[3.15] gh-152415: Exercise curses non-ASCII tests under 8-bit locale encodings (GH-152416) (#152453)

The non-ASCII tests only exercised what the runner's locale could encode (in
practice UTF-8).  Add 8-bit-encoding cases to the character and string I/O
tests, each guarded by the existing encodability check: ASCII, a character
common to the Latin encodings ('é'), and ones distinctive to a single encoding
(byte 0xA4 is '¤' in ISO-8859-1, '€' in ISO-8859-15, 'є' in KOI8-U).  Run the
whole suite under different locales to cover them; unrepresentable cases skip.

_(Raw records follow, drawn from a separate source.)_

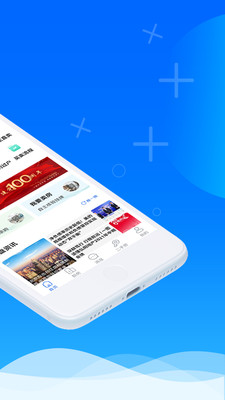 徐房信息网app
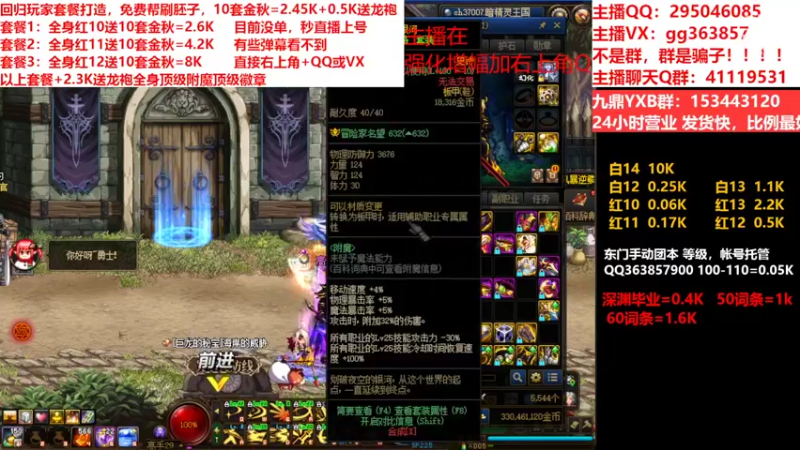 【2022-09-26 09点场】主播东门：东门：强化增幅11 12 13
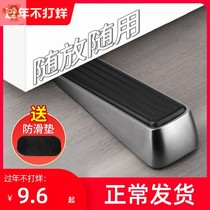 Door seam pad stopper Kamen alloy windproof mobile door resistance anti-collision door stop door stopper rubber top door clip holder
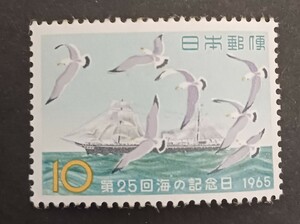 記念切手 第25回海の記念日 1965 未使用品 (ST-TG)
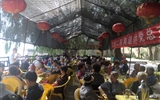 离退休党总支召开组织生活会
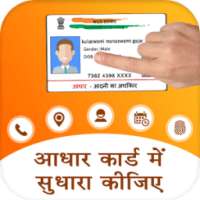 Correction in Aadhar Card Online Update on 9Apps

* gh-152415: Verify character output round-trips in test_output_character

Read each written character back with in_wch() or instr() rather than
inch(), which on a wide build returns the low byte of the code point
instead of the locale-encoded byte and so mangles a non-ASCII character
of an 8-bit locale.  This lets the int-argument cases cover '€'/'є', and
adds matching coverage for the str argument.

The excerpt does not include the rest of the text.